Lazzaroni: Beide Länder verfolgen das Ziel der Dekarbonisierung, aber ihre Wege und ihre Rolle in der breiteren europäischen Wasserstofflandschaft sind von sehr unterschiedlichen Faktoren geprägt. So ist Deutschland in Bezug auf die Wasserstoffstrategie und -infrastruktur weiter fortgeschritten als Italien, wobei der Schwerpunkt unserer Wahrnehmung nach auf industriellen Anwendungen und Importen zur Deckung der Nachfrage liegt.
Italien wird im Oktober seine nationale Wasserstoffstrategie vorstellen. Dem Land lässt sich aufgrund seiner in der EU führenden Erdgasinfrastruktur und seiner geografischen Lage – zentral gelegen und auch eine Brücke zwischen dem EU-Kontinent und Nordafrika – eine besondere Rolle beimessen. Hinzu kommt das Potenzial, in Zukunft auch ein wichtiger Produzent von grünem Wasserstoff zu werden.

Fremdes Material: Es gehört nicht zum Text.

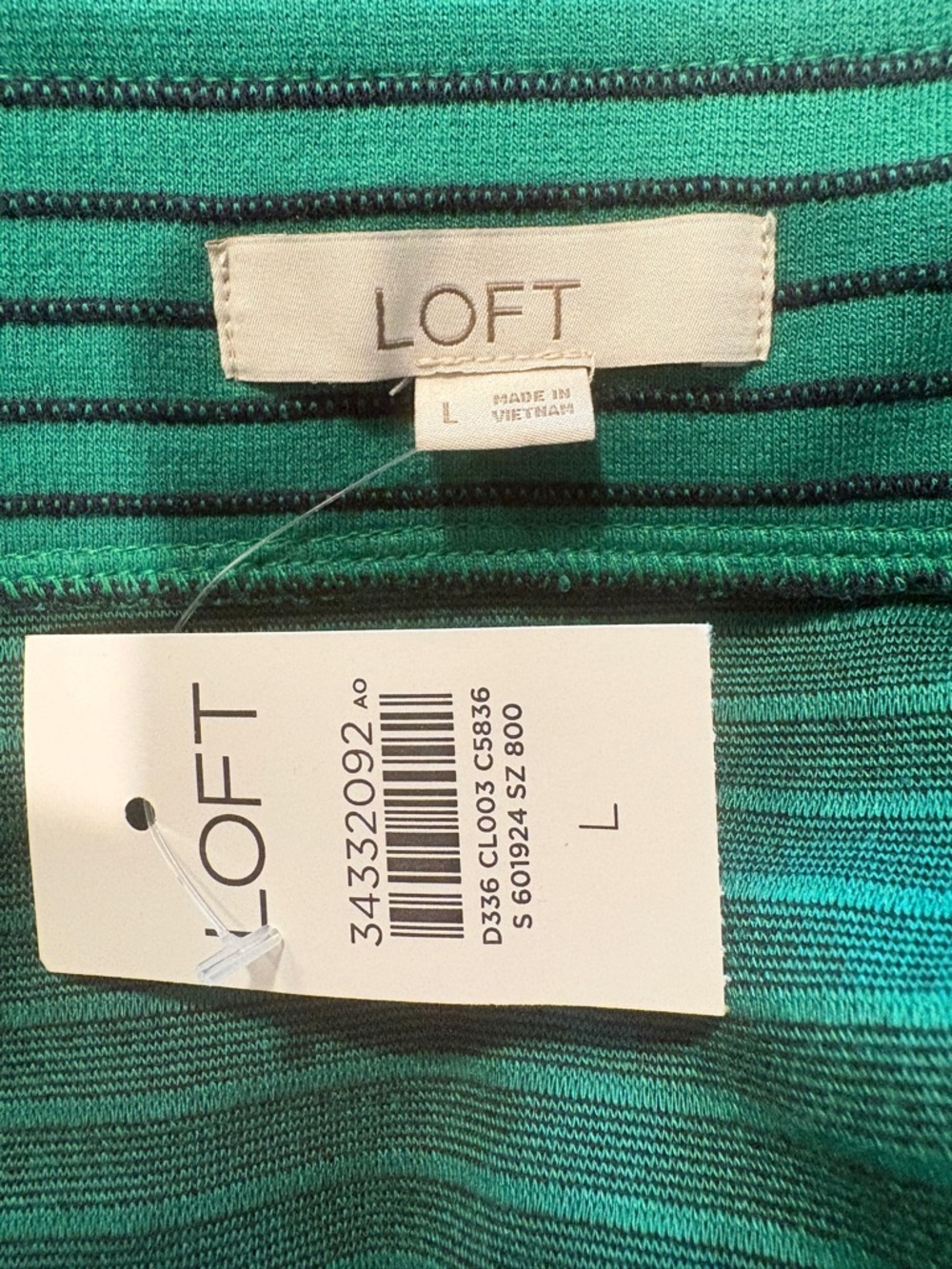 NWT LOFT Green Striped Midi Skirt Side Slit Stretch Career Pencil Skirt Size L - Picture 9 of 9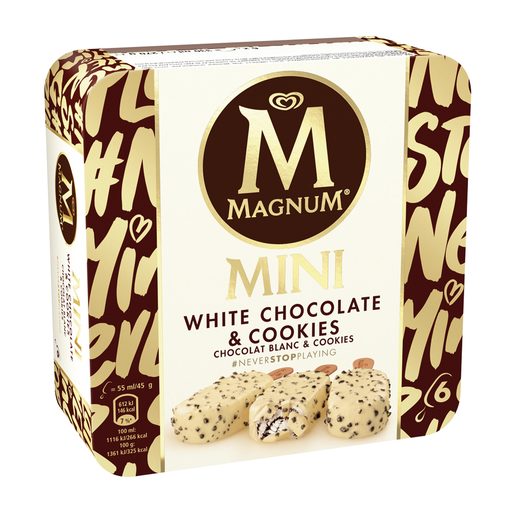MAGNUM Gelados Multipack Magnum Mini Chocolate Branco & Cookies 6x55 ml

Wir können sowohl die heimischen Solarressourcen als auch die Nähe zu Nordafrika für Importe nutzen.
Den Akteuren in beiden Ländern gemein ist: Deutschland und Italien brauchen starke und strategische Partnerschaften, um bei der Einführung von grünem Wasserstoff in ganz Europa führend zu sein.
H₂News: Herr Lazzaroni, vielen Dank für das Interview!